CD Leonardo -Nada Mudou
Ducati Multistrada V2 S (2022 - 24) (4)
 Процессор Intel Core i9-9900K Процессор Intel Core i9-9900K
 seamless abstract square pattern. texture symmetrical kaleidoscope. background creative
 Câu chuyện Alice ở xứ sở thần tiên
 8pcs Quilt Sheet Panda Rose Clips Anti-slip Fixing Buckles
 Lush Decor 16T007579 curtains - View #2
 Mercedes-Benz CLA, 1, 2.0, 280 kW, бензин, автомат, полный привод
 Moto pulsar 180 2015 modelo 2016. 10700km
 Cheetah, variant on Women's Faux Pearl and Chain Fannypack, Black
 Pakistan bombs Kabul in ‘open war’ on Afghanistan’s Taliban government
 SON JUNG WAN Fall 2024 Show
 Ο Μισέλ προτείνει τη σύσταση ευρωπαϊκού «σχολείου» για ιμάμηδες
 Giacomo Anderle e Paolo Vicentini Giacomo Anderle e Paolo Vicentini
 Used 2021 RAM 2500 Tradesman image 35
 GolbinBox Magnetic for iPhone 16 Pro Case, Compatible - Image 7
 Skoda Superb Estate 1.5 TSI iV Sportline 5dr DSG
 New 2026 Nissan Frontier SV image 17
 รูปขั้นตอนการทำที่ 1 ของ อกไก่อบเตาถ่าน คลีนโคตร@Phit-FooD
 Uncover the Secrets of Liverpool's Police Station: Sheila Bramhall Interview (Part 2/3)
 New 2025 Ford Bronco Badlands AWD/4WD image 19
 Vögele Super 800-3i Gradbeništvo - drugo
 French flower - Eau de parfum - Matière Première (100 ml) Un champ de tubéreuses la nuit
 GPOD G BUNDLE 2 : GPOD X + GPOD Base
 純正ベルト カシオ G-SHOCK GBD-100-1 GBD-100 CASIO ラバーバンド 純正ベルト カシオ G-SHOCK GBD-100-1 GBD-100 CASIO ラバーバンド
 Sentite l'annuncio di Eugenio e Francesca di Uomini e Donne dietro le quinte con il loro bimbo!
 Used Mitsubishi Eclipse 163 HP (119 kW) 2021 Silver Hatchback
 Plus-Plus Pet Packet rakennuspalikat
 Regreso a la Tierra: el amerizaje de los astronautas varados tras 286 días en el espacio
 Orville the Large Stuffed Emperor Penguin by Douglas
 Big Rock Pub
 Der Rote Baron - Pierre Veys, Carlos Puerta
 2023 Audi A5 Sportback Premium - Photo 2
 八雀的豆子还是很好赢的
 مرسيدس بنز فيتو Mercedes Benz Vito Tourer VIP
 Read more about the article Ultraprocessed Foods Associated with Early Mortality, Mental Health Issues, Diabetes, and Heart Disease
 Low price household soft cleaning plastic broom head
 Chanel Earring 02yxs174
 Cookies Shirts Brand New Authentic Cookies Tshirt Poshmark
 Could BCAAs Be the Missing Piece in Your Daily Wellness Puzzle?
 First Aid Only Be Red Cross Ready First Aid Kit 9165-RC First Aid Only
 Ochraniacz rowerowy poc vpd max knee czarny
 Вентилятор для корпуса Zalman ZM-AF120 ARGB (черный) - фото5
══════════
Return every line above where "Benz" appears.

▸ **YOUR SOLUTION**:
 Mercedes-Benz CLA, 1, 2.0, 280 kW, бензин, автомат, полный привод
 مرسيدس بنز فيتو Mercedes Benz Vito Tourer VIP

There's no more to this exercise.